TASK GOAL => The answer must be an exact copy of the lines from the one containing "Gender bias explained graphic" through the last line of the records, with the pictures left out.
§
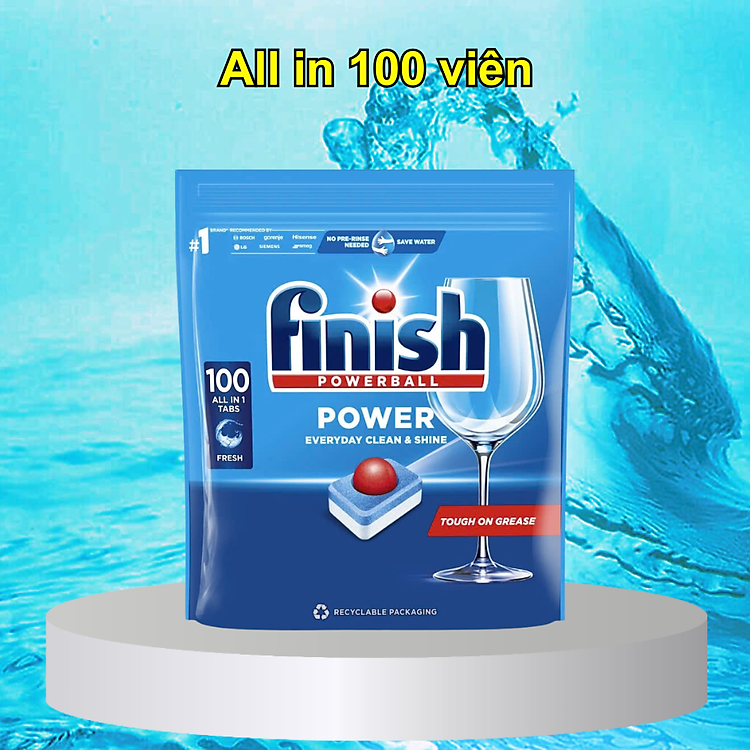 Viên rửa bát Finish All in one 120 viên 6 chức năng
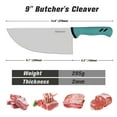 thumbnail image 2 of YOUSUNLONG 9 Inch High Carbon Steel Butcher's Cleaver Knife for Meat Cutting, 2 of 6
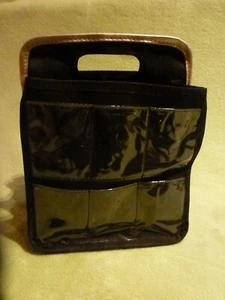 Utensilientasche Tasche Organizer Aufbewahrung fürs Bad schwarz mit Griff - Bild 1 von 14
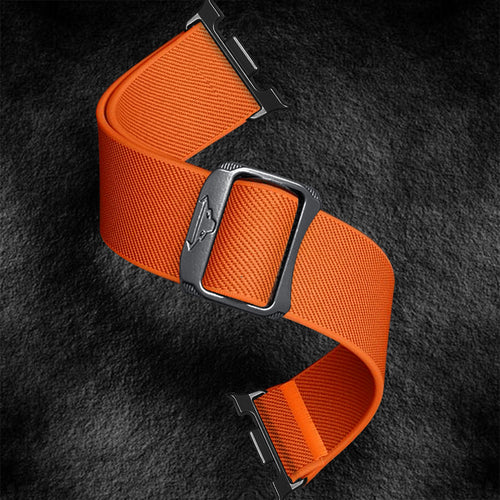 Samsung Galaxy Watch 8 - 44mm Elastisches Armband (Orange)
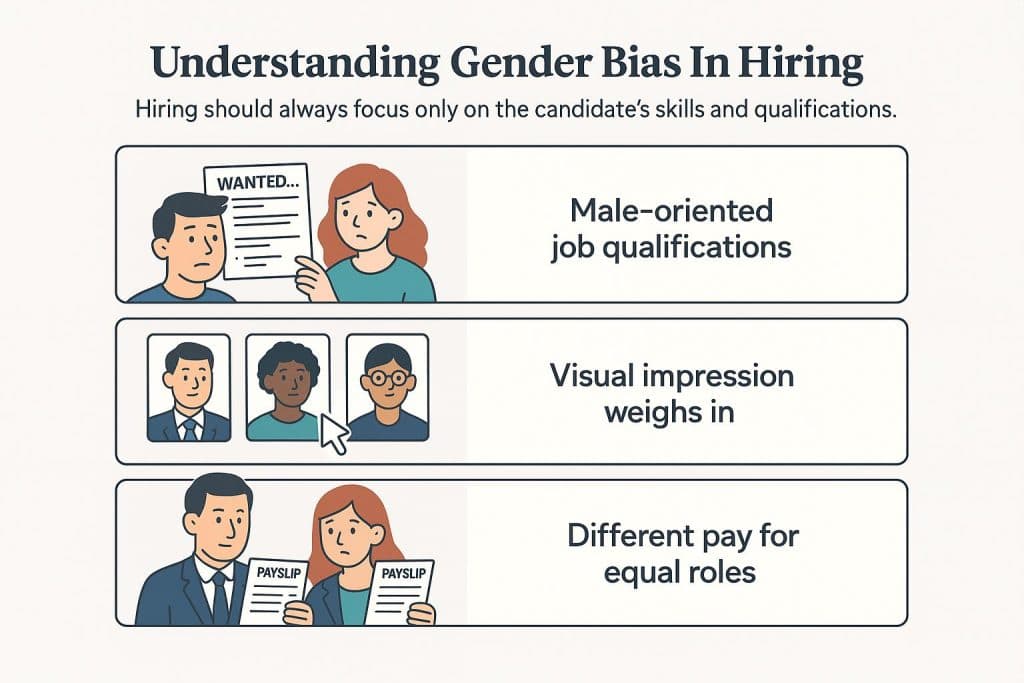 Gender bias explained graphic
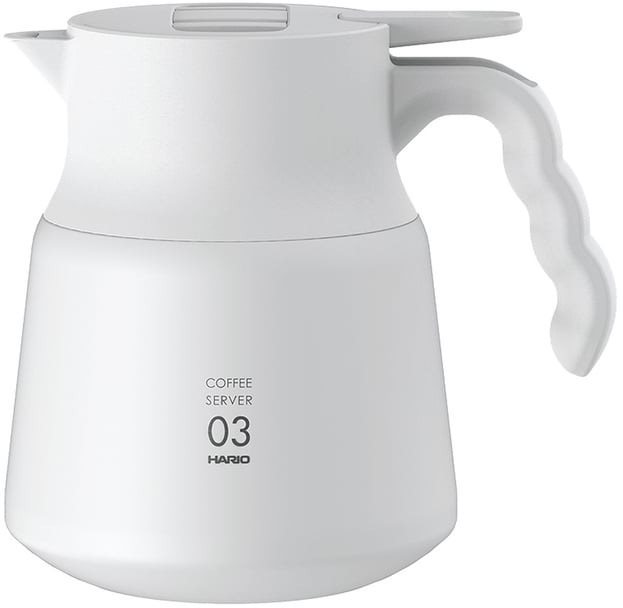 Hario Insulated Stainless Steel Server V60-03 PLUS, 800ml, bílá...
§
REPLY =>
 Gender bias explained graphic
 Hario Insulated Stainless Steel Server V60-03 PLUS, 800ml, bílá...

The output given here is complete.